Compiler and Runtime Techniques for Automatic Parallelization of Sequential Applications.

Abstract

Multicore designs have emerged as the mainstream design paradigm for the microprocessor industry. Unfortunately, providing multiple cores does not directly translate into performance for most applications. An attractive approach for exploiting multiple cores is to rely on tools, both compilers and runtime optimizers, to automatically extract threads from sequential applications. This dissertation tackles many challenges faced in automatic parallelization of sequential applications, including general-purpose applications written in C/C++ and client-side web applications written in JavaScript, with the goal of achieving speedup on commodity multicore systems. First, a complete parallelizing compiler system for C/C++ is introduced. This system successfully identifies parallelization opportunities in programs and transforms the code to a parallel version. A matching runtime system, STMlite, is proposed to monitor the parallelized program behavior and fix any misspeculations that might happen. We show that this system can generate and execute parallel programs that are upto 2.2x faster than their sequential counterparts, when executed on an 8-core commodity system.
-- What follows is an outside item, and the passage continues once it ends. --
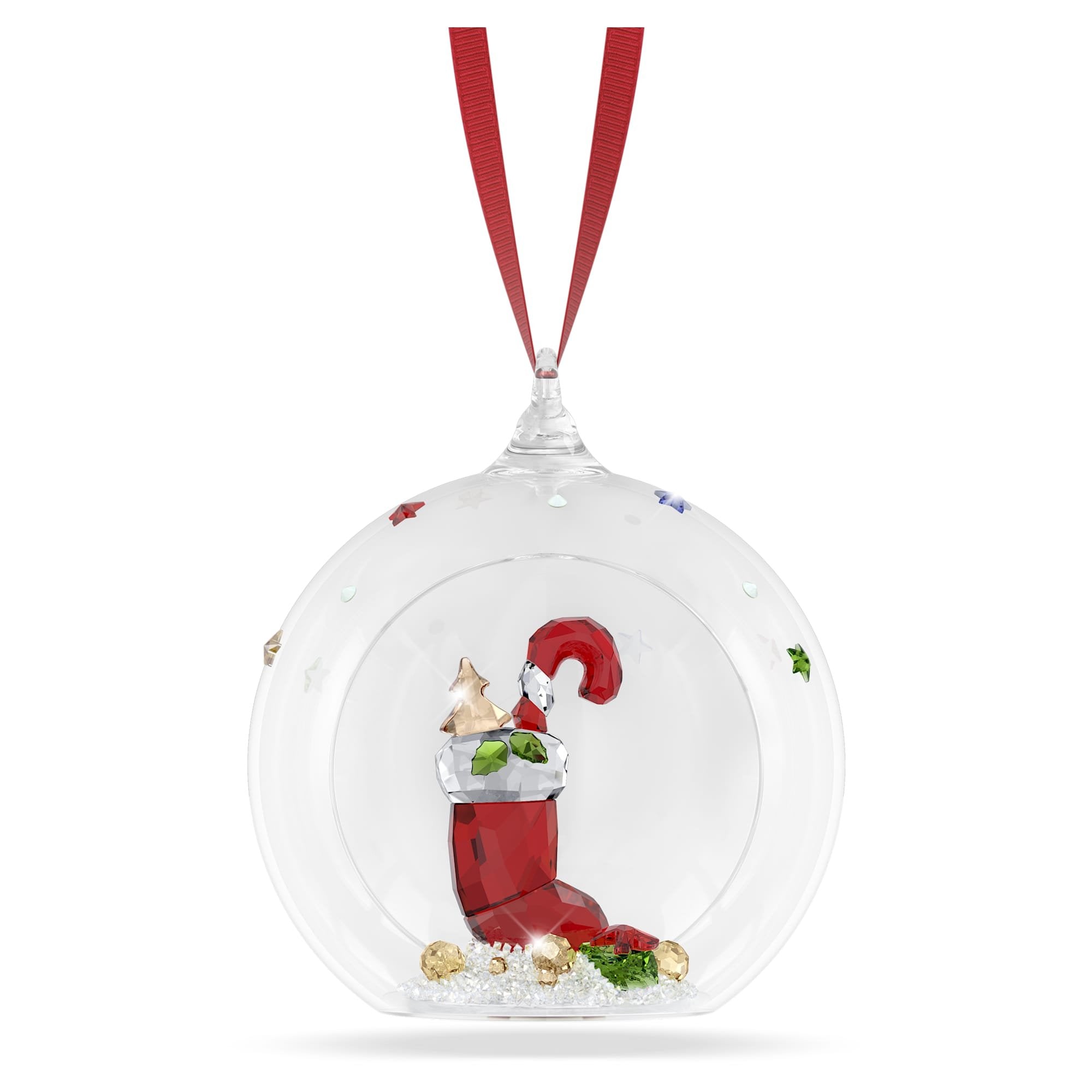 Swarovski joulukoriste joulupallo 5735700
The second piece of work focuses on a similar problem in a very different application domain, JavaScript programs running on the client’s web browser. This dissertation is the first research work that proposes dynamic and automatic parallelization of JavaScript applications. The nature of the JavaScript language and its target execution environments impose a completely different set of challenges that we intend to solve. We first propose the ParaScript parallelizing engine, which identifies and speculatively parallelizes potentially parallel code segments while the code is running in the browser. A low-cost and highly customized speculation approach verifies the execution of the parallelized client-side code and rolls back in case of any misspeculation. Dynamic parallelization using ParaScript yields an average of 2.18x speedup over sequential JavaScript code on an 8-core commodity system. In addition, we introduce ParaGuard, a technique which executes the runtime checks required by trace-based JavaScript compilers in parallel with the main execution. ParaGuard is able to improve performance by 15% by using an additional core in multi-core systems.